── TASK DATA ──

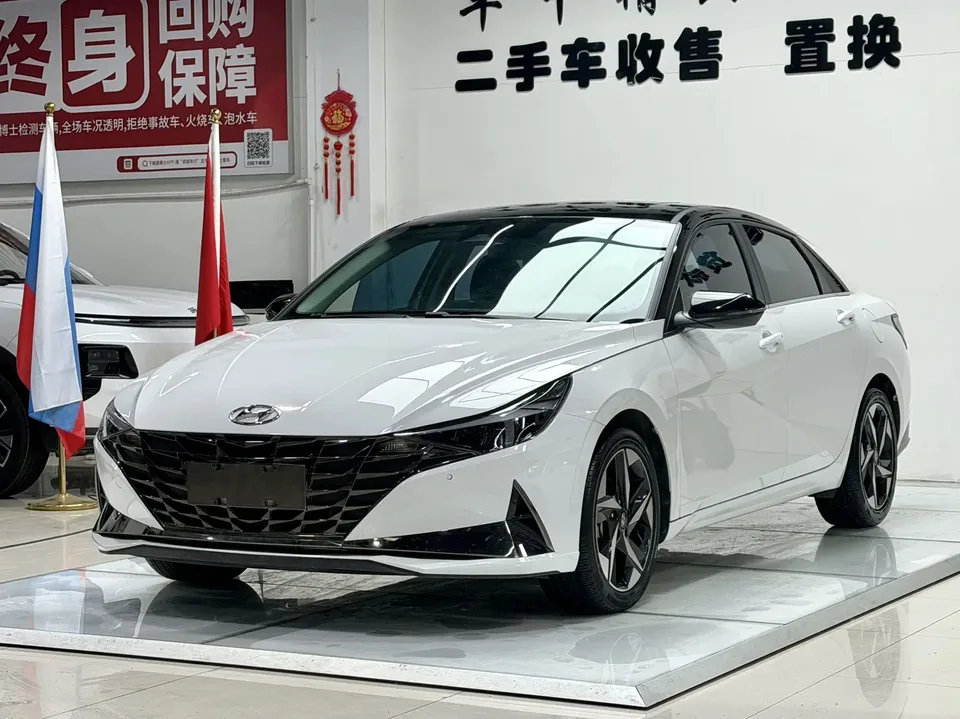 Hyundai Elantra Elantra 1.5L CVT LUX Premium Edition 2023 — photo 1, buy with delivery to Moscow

───
── TASK DATA ──

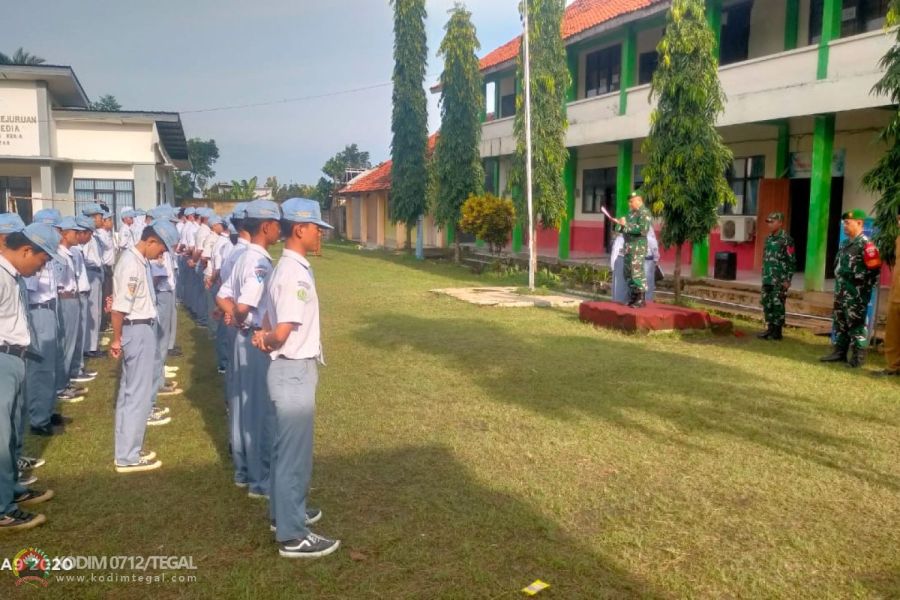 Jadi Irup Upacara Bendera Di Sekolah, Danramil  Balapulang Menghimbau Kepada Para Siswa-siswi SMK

───
── TASK DATA ──

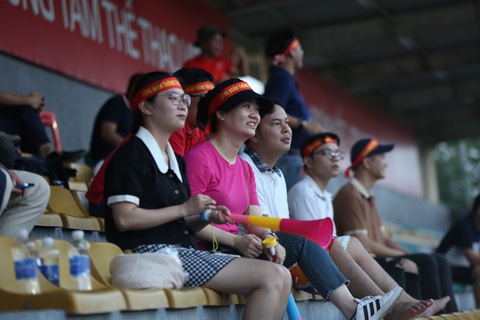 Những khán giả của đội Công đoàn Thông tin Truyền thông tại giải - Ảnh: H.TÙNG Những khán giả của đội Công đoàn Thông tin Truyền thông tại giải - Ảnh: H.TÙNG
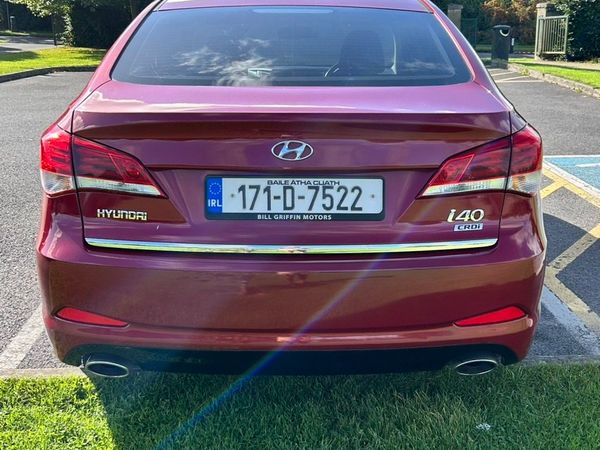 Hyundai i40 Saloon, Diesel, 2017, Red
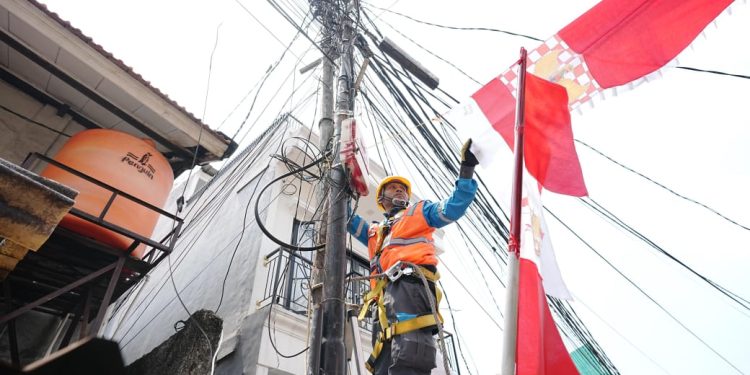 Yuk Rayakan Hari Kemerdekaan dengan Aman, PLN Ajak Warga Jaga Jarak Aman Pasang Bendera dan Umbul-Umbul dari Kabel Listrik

───

◆ YOUR TASK ◆
Copy exactly the material above from the line with "Ảnh: H.TÙNG Những" to the line with "Yuk Rayakan Hari", ends included, and nothing else. Leave out any picture.

◆ ANSWER TO THIS PROBLEM ◆
 Những khán giả của đội Công đoàn Thông tin Truyền thông tại giải - Ảnh: H.TÙNG Những khán giả của đội Công đoàn Thông tin Truyền thông tại giải - Ảnh: H.TÙNG
 Hyundai i40 Saloon, Diesel, 2017, Red
 Yuk Rayakan Hari Kemerdekaan dengan Aman, PLN Ajak Warga Jaga Jarak Aman Pasang Bendera dan Umbul-Umbul dari Kabel Listrik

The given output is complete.